Work order >> Your answer must be the data repeated exactly, with no pictures in it.

++++ Provided material ++++

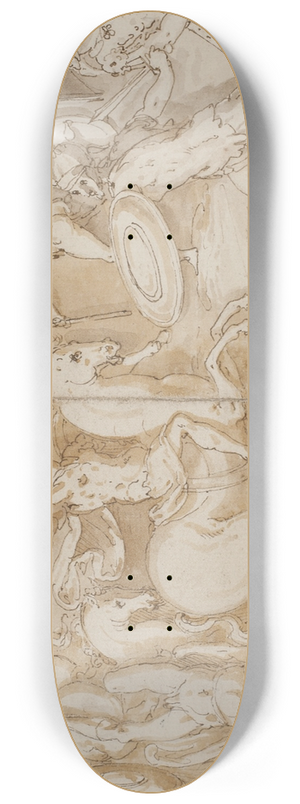 Giovanni Guerra - Romerske soldater krydser en flod i bde; en kmpende romersk soldat; romerske vagter fremfrer tilfangetagne barbarer for kejseren; pbegyndelsen af en march 8.25 inch art skate deck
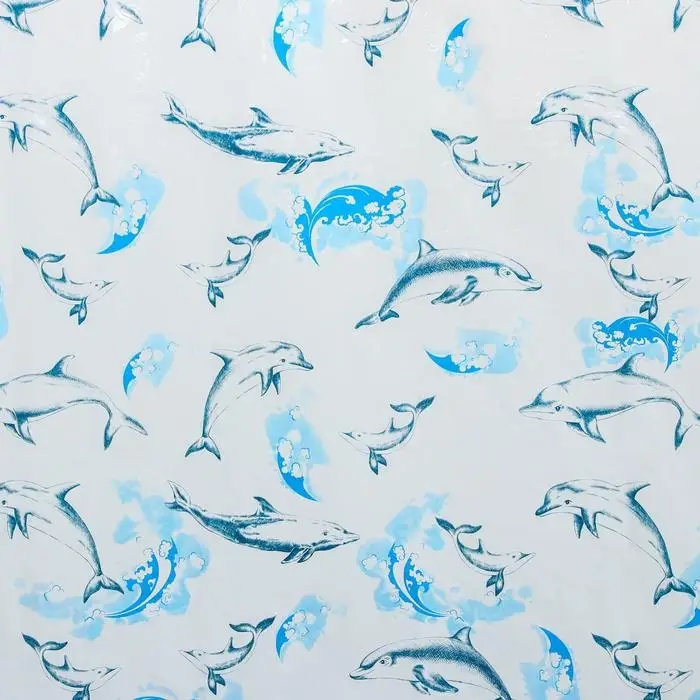 Штора для ванной «Дельфины», 180×180 см, полиэтилен, белая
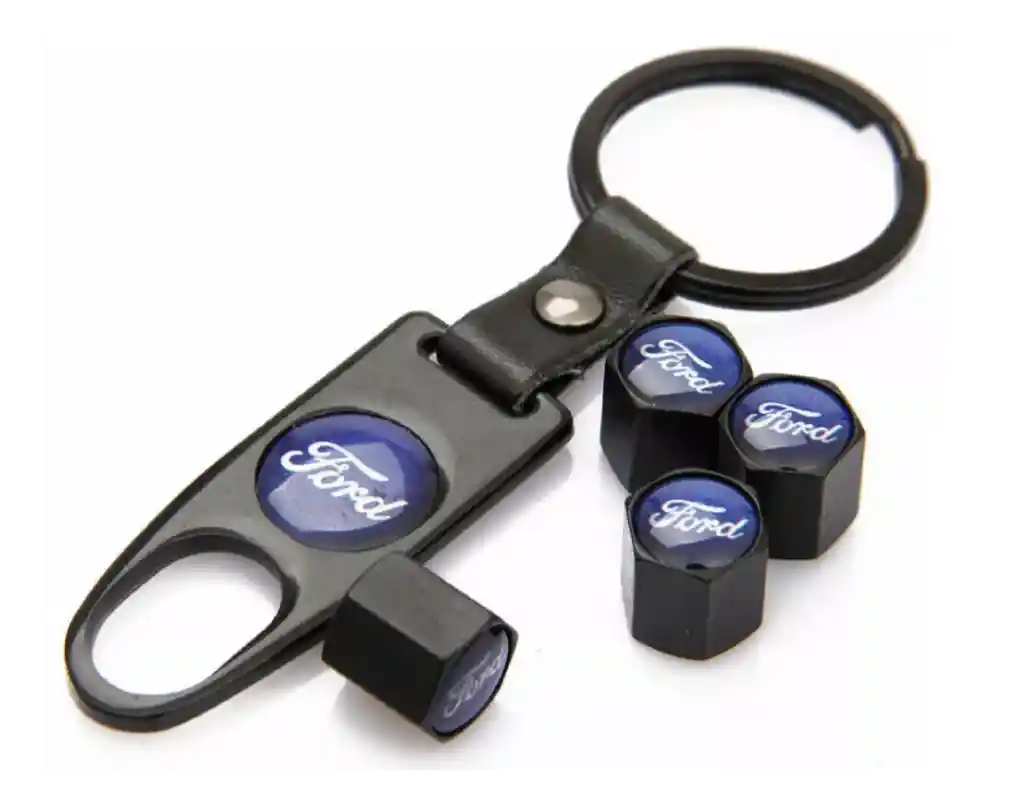 Tapa Valvulas Llanta Llavero Kit Accesorios Carro Ford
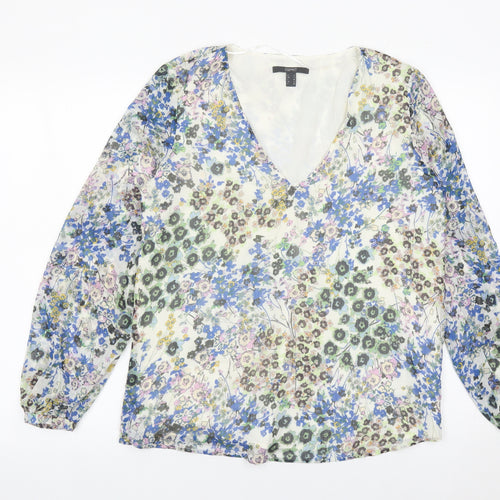 Esprit Womens Multicoloured Floral Chiffon Blouse S V-Neck Long Sleeve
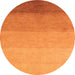 Round Machine Washable Abstract Orange Modern Area Rugs, wshabs4121org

++++

The answer >>
 Giovanni Guerra - Romerske soldater krydser en flod i bde; en kmpende romersk soldat; romerske vagter fremfrer tilfangetagne barbarer for kejseren; pbegyndelsen af en march 8.25 inch art skate deck
 Штора для ванной «Дельфины», 180×180 см, полиэтилен, белая
 Tapa Valvulas Llanta Llavero Kit Accesorios Carro Ford
 Esprit Womens Multicoloured Floral Chiffon Blouse S V-Neck Long Sleeve
 Round Machine Washable Abstract Orange Modern Area Rugs, wshabs4121org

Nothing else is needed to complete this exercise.